Two Projects under one Solution?

R

Raterus

Hi,

I've got a Visual Studio solution that contains two projects, P1 is my main application, P2 is a project that contains custom server controls I've created. I would like to have these Projects set up in Visual studio so if I make a change to P2 and recompile, P1 will automatically be updated to use the new assembly.

Here is what I've tried:
I can add a reference in P1 to P2's dll, but that appears to copy the dll to P1's bin directory, and it will never be updated upon a rebuild. I've tried setting the "Project Dependencies" of P1 to depend on P2, but without the reference set, I'll get compile errors that it can't find P2 objects. Also in P1 project properties, under common properties, the "reference path" has both projects bin directories.

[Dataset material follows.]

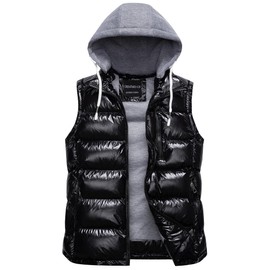 CREATMO US Women's Winter Windproof Puffer Vest Womens Puffy Cold Weather Vests Sleeveless Waterproof Jacket With Hood Shine Black Large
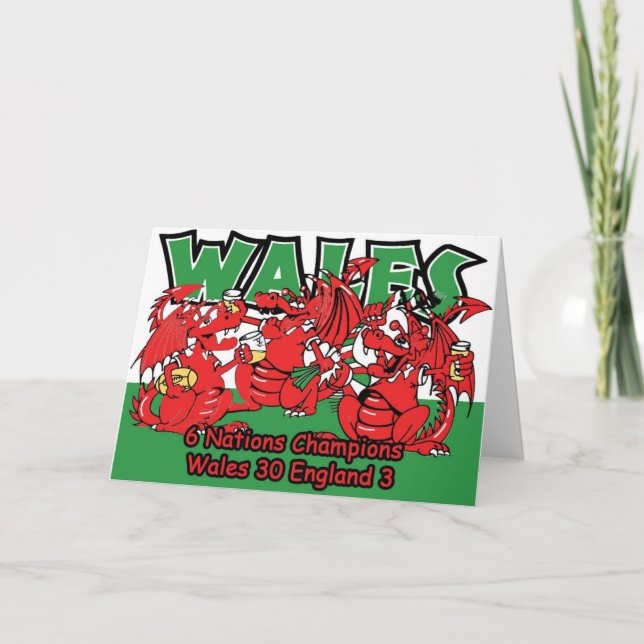 Welsh Six Nation Rugby Champions, W 30-3 E Karte (Vorderseite)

Am I missing something here? What must I do to get two projects to compile together under one solution?

--Michael
 
C

Curt_C [MVP]

how did you set the reference? By project, to the dll directly?

--
Curt Christianson
Owner/Lead Developer, DF-Software
www.Darkfalz.com


Hi,

I've got a Visual Studio solution that contains two projects, P1 is my main
application, P2 is a project that contains custom server controls I've
created. I would like to have these Projects set up in Visual studio so if
I make a change to P2 and recompile, P1 will automatically be updated to use
the new assembly.

Here is what I've tried:
I can add a reference in P1 to P2's dll, but that appears to copy the dll to
P1's bin directory, and it will never be updated upon a rebuild. I've tried
setting the "Project Dependencies" of P1 to depend on P2, but without the
reference set, I'll get compile errors that it can't find P2 objects. Also
in P1 project properties, under common properties, the "reference path" has
both projects bin directories.

Am I missing something here? What must I do to get two projects to compile
together under one solution?

--Michael
 
R

Raterus

That's all you needed to say :) I realized immediately that I was browsing to the dll, not clicking the project tab and selecting it there. Works great now, thanks!

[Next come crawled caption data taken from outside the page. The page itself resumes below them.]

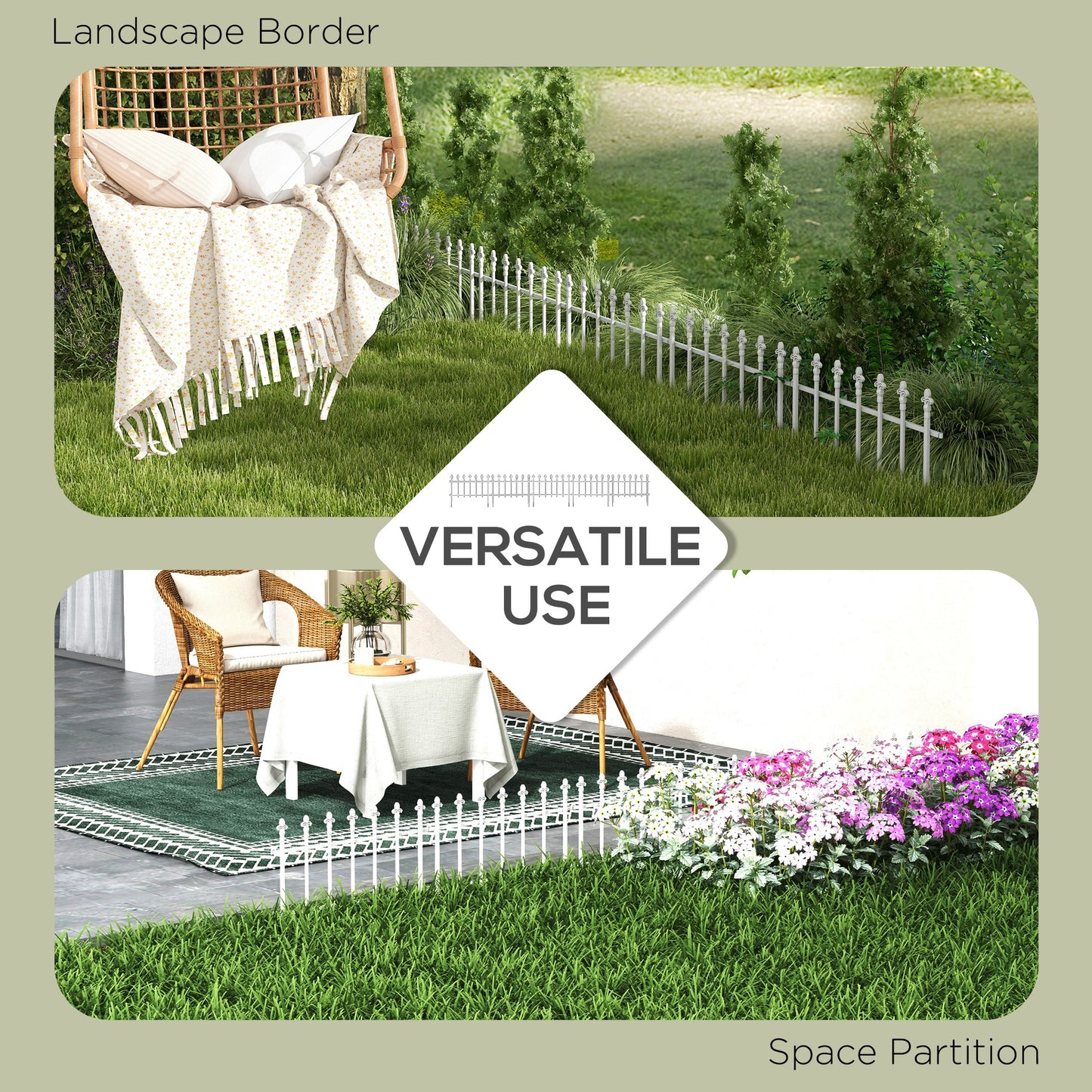 Decorative Steel Garden Fence Panels - 5 Pack, White, 110.25" L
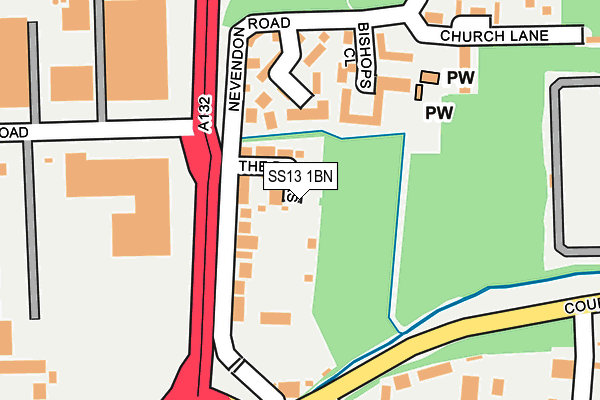 SS13 1BN map - OS OpenMap – Local (Ordnance Survey)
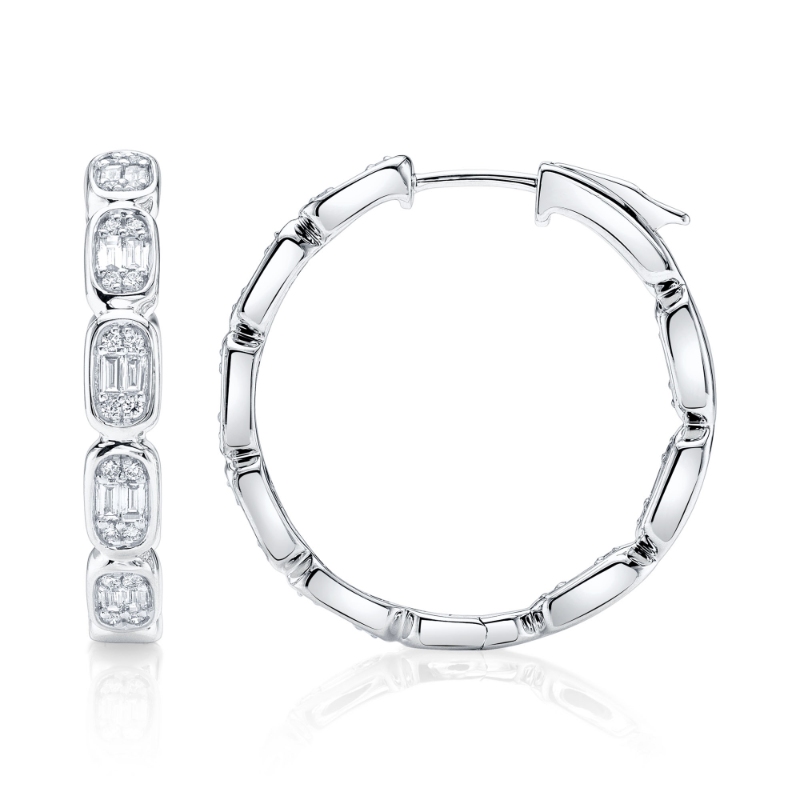 0.90Ct 14K White Gold Diamond Baguette Hoop Earring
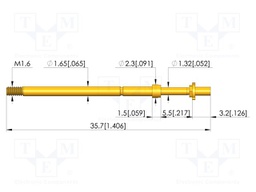 Test needle; Spring compression: 4mm; 5mm; 8A; CuBe; gold-plated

Any "down to earth" help out there, besides what Microsoft puts out, that goes in detail about larger solutions like this? My ultimate goal is to ensure I don't have the exact same source files in two different projects, requiring me to make changes more than once.

Thanks again,
--Michael
 
R

Rick Spiewak

You can extrapolate what you just did to larger solutions. For example, a
current solution has 4 projects. One is just to hold the business objects.
To make cross-referencing easier, consider setting the root namespaces of
the related projects to be the same. Remember that namespace names are
case-sensitive (even for us VB types <g>).

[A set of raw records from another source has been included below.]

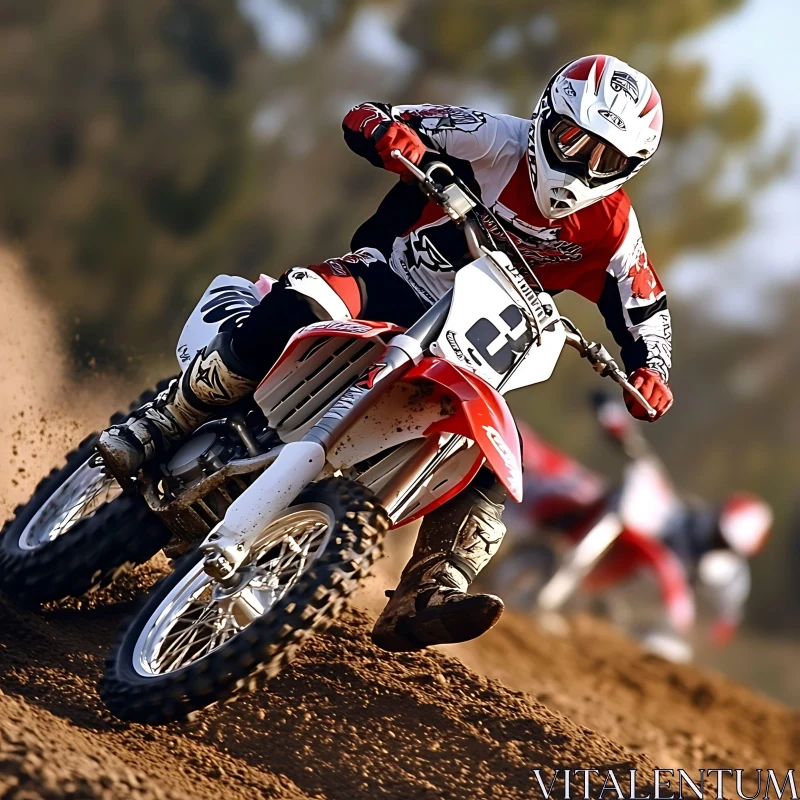 Motorcycle Racing on Dirt Track AI Image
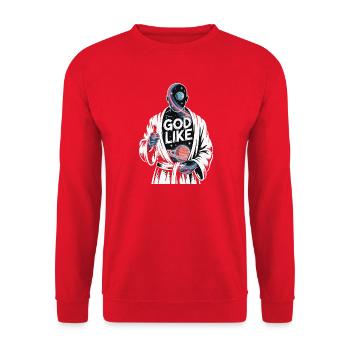 God Like Galaxy Design - Unisex Sweatshirt - red - Front - Alina (178cm) & Michal (187cm)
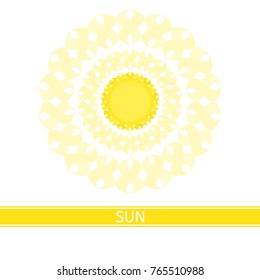 Vector illustration of shiny sun isolated on white background. Weather icon in flat style.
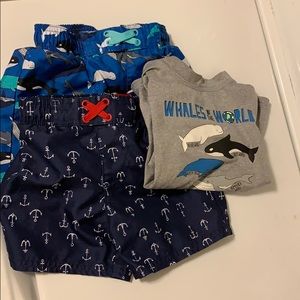 Two cat $ jack swim trunks and one swim shirt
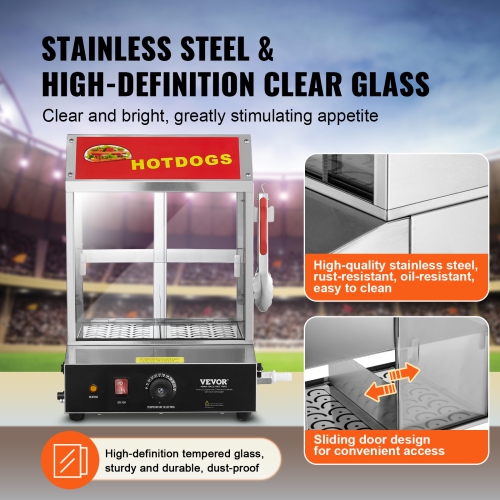 VEVOR 28.5QT Hot Dog Steamer, 2-Tier Stainless Steel Hot Dog Hut Steamer, 86℉~185℉ Temperature Control, Electric Bun Warmer with Tempered Glass Slide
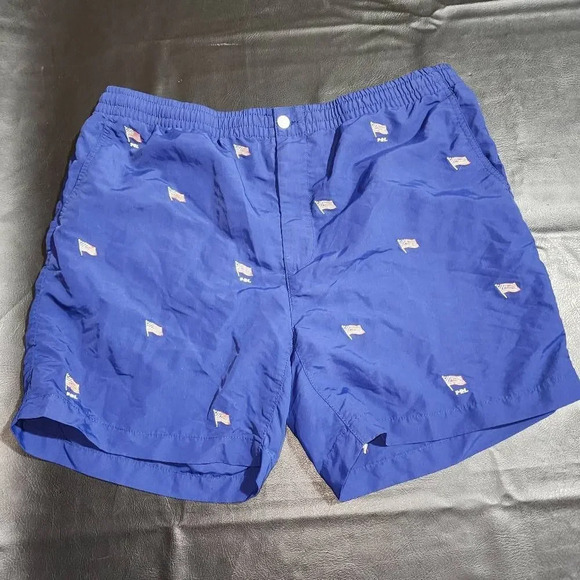 Polo Ralph Lauren Mens Blue Embroidered Flag Swim Trunks‎ USA July 4th XL - Picture 1 of 5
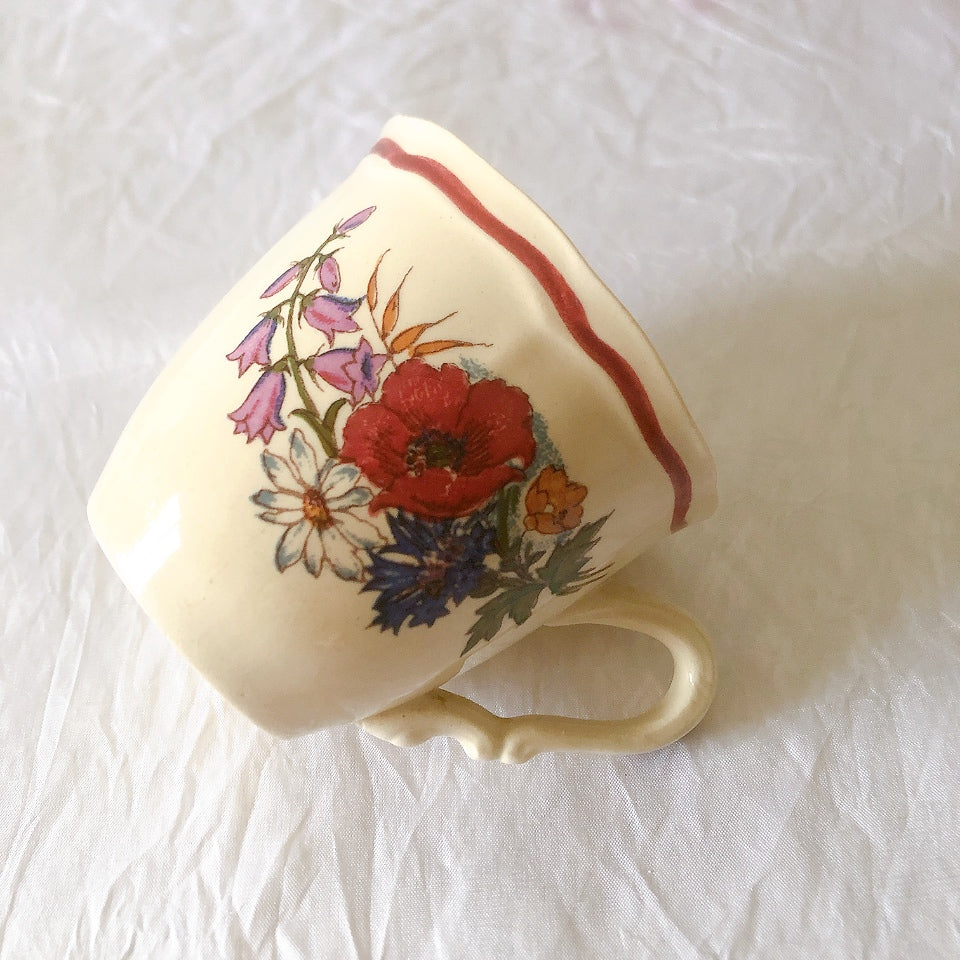 ディゴワンサルグミンヌ Digoin＆sarreguemines アグレスト コーヒーカップ＆ソーサー２客セット フランスアンティーク食器 フランス蚤の市・ブロカント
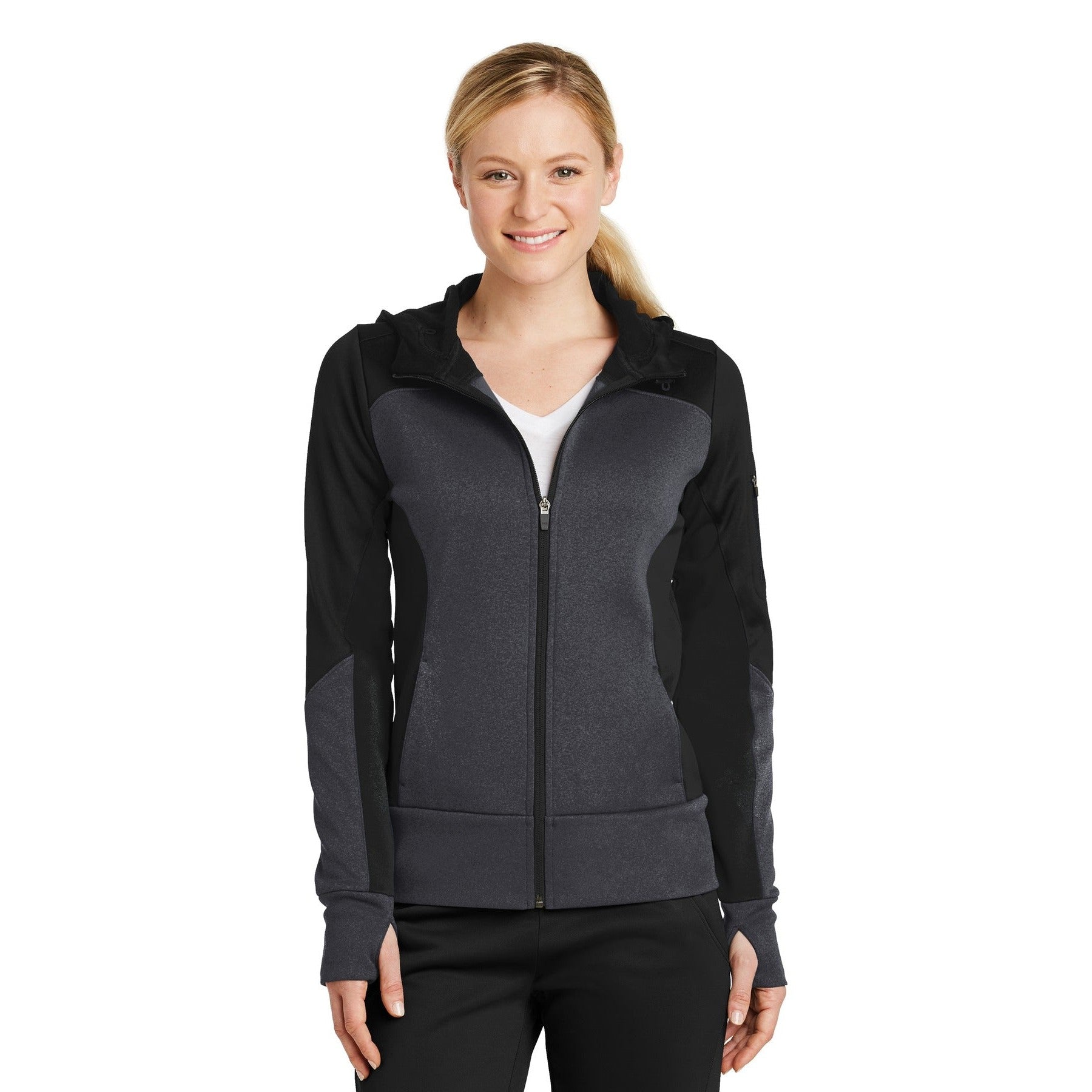 Sport-Tek-Sport-Tek® Women's Tech Fleece Colorblock Full-Zip Hooded Jacket. LST245-MedTech-1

I worked with a group on a solution with 26 projects! It was fine.

That's all you needed to say :) I realized immediately that I was browsing
to the dll, not clicking the project tab and selecting it there. Works
great now, thanks!

Any "down to earth" help out there, besides what Microsoft puts out, that
goes in detail about larger solutions like this? My ultimate goal is to
ensure I don't have the exact same source files in two different projects,
requiring me to make changes more than once.